(Web page caption snippets)
──────
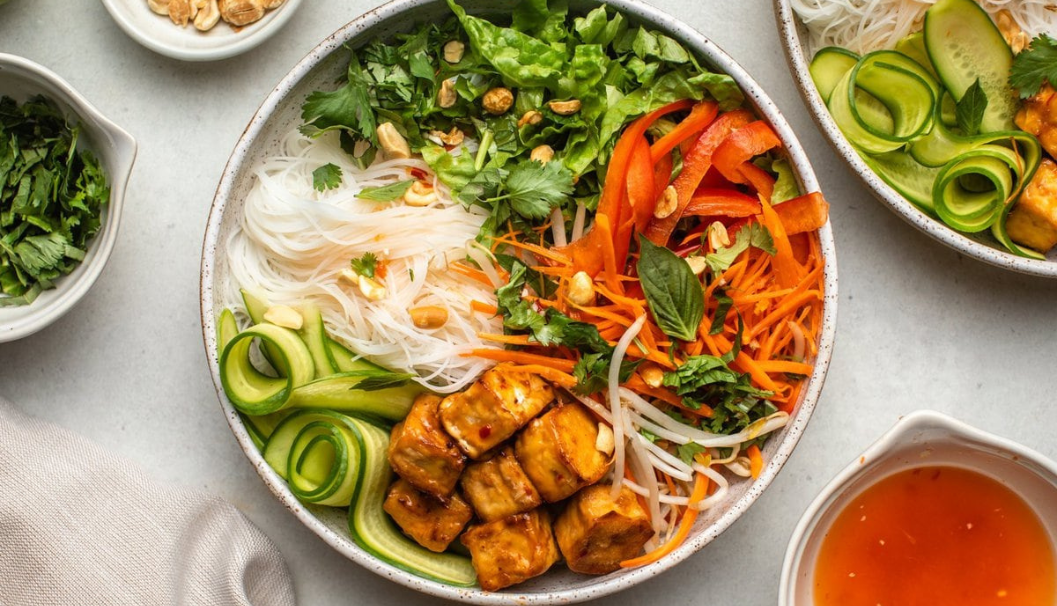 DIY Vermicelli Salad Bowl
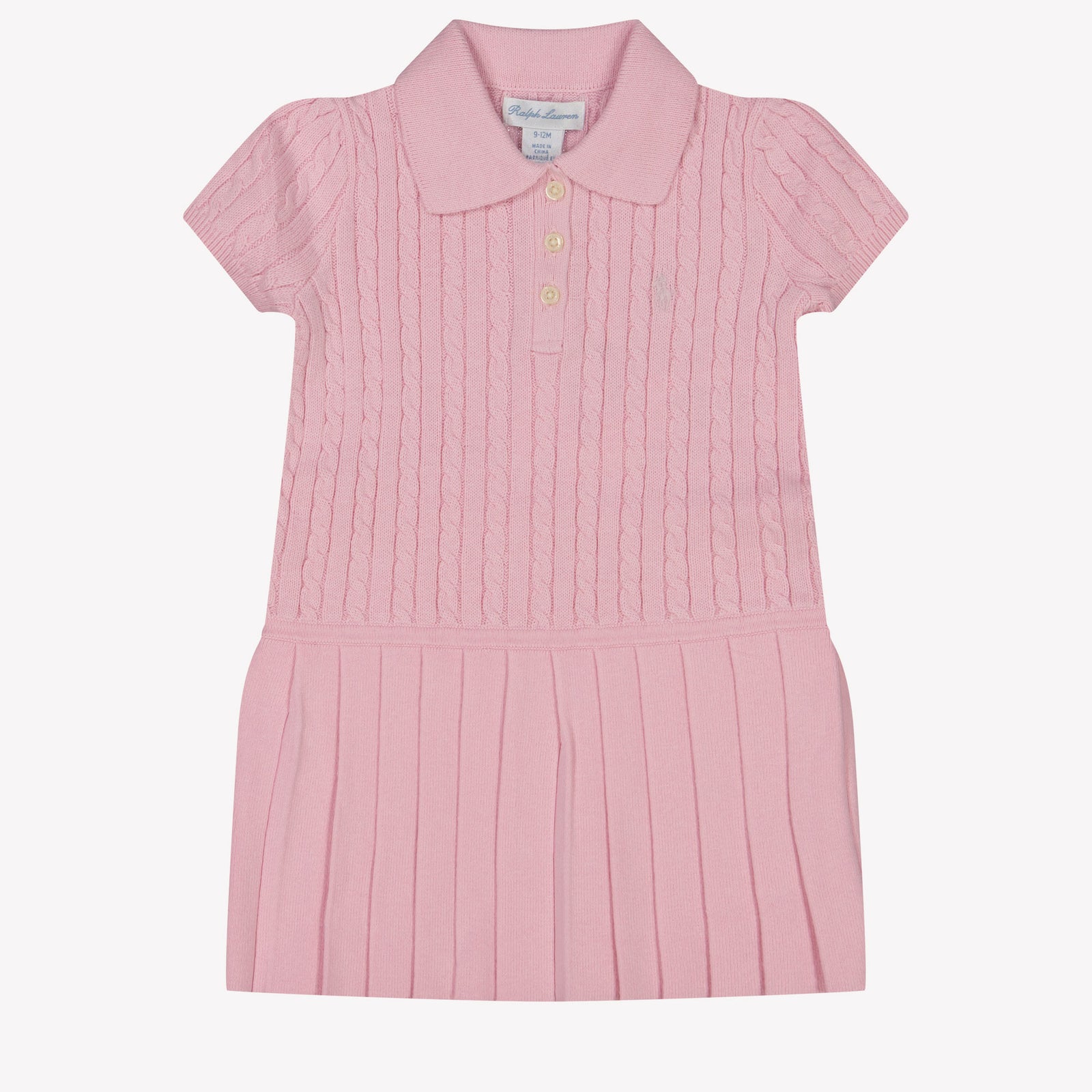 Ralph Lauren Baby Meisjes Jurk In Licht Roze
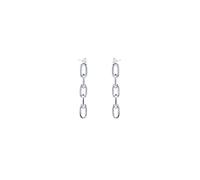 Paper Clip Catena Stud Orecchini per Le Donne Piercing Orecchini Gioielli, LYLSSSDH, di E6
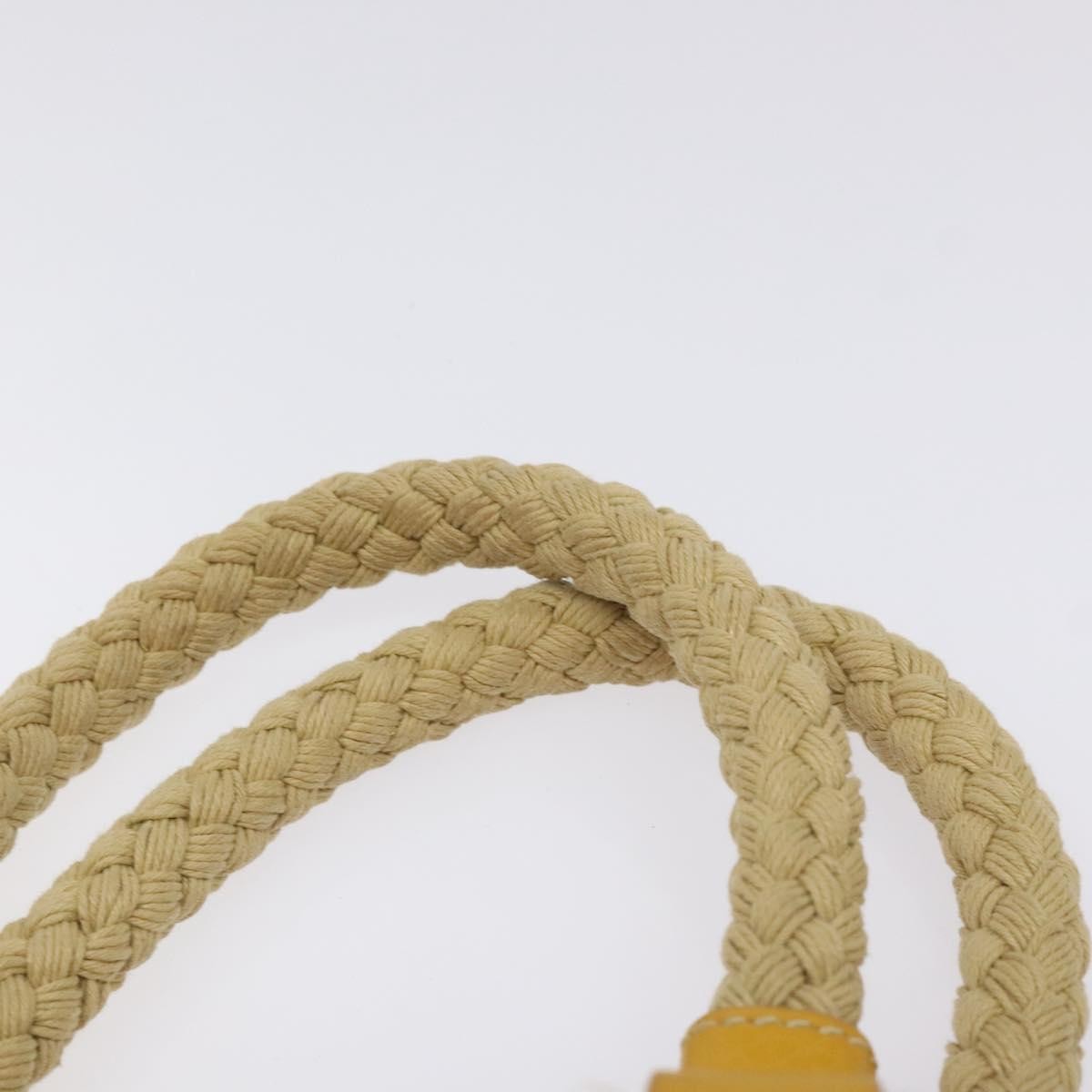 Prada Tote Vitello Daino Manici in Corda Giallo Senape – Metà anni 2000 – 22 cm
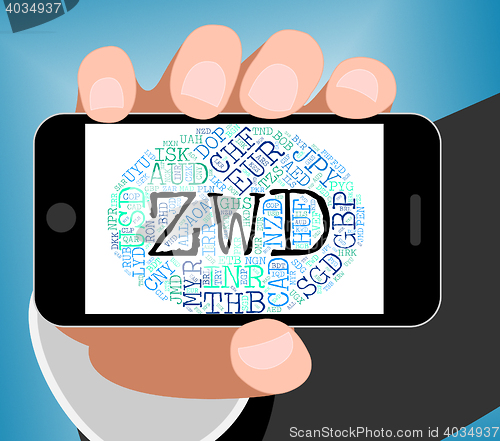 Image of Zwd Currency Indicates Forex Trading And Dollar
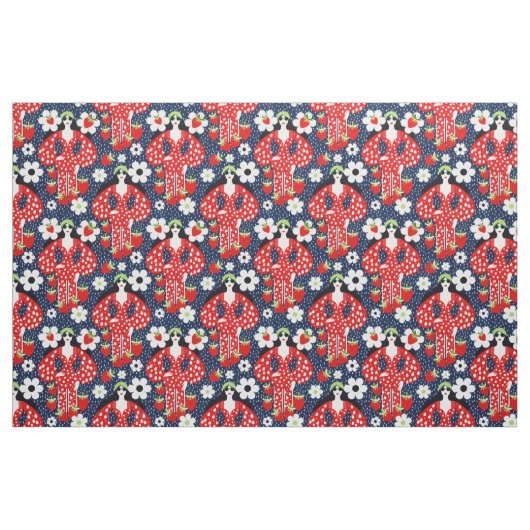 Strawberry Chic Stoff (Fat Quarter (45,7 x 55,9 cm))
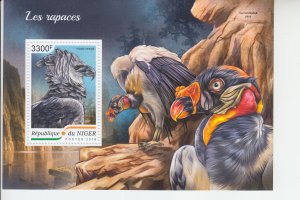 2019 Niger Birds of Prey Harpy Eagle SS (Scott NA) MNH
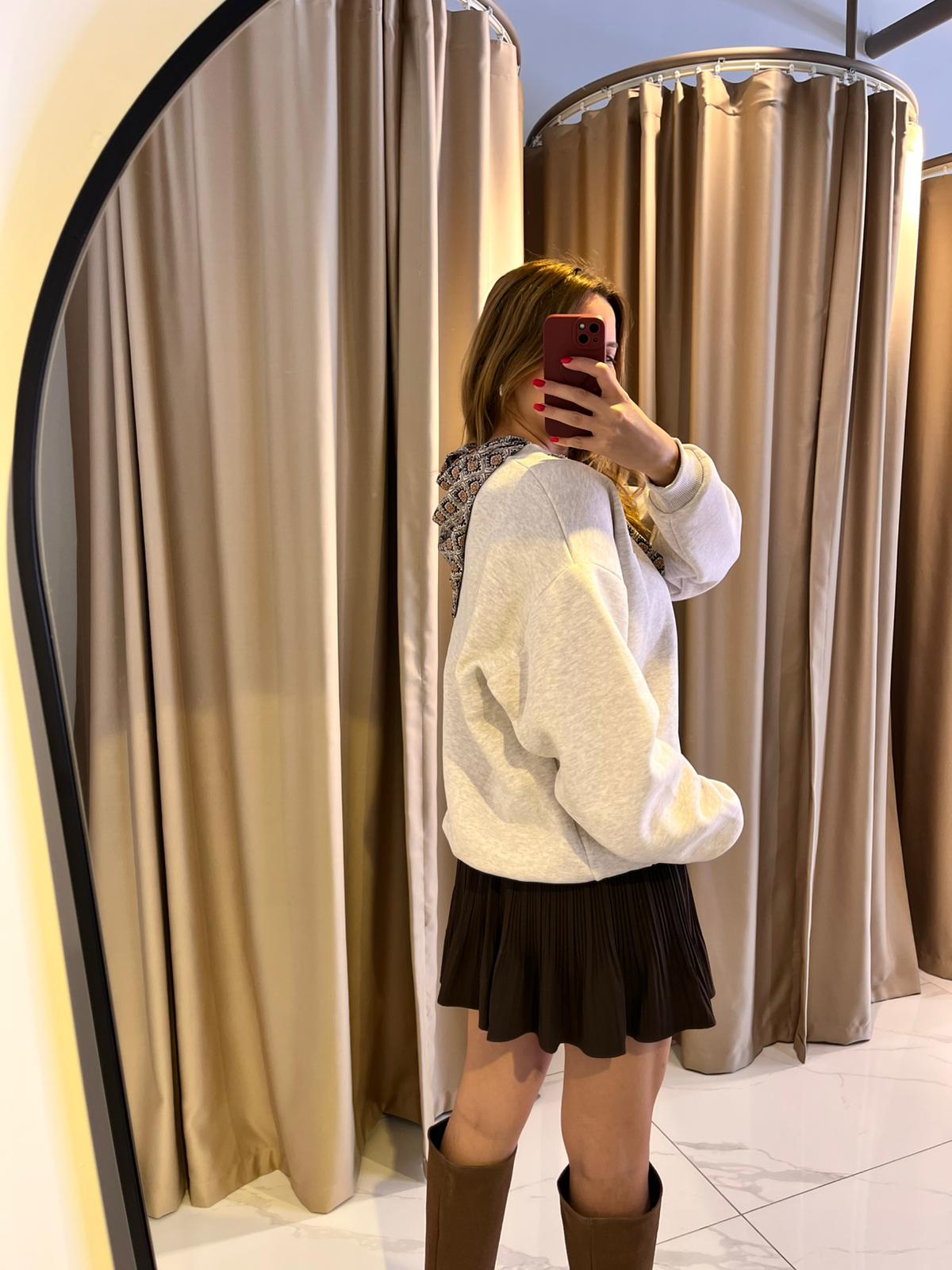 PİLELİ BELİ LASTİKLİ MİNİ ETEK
──────
▸ Exercise description
Please transcribe, word for word, every line from the one containing "Paper Clip Catena" through the last line of the records, both included, and leave the pictures out.

▸ Solution to this task
 Paper Clip Catena Stud Orecchini per Le Donne Piercing Orecchini Gioielli, LYLSSSDH, di E6
 Prada Tote Vitello Daino Manici in Corda Giallo Senape – Metà anni 2000 – 22 cm
 Image of Zwd Currency Indicates Forex Trading And Dollar
 Strawberry Chic Stoff (Fat Quarter (45,7 x 55,9 cm))
 2019 Niger Birds of Prey Harpy Eagle SS (Scott NA) MNH
 PİLELİ BELİ LASTİKLİ MİNİ ETEK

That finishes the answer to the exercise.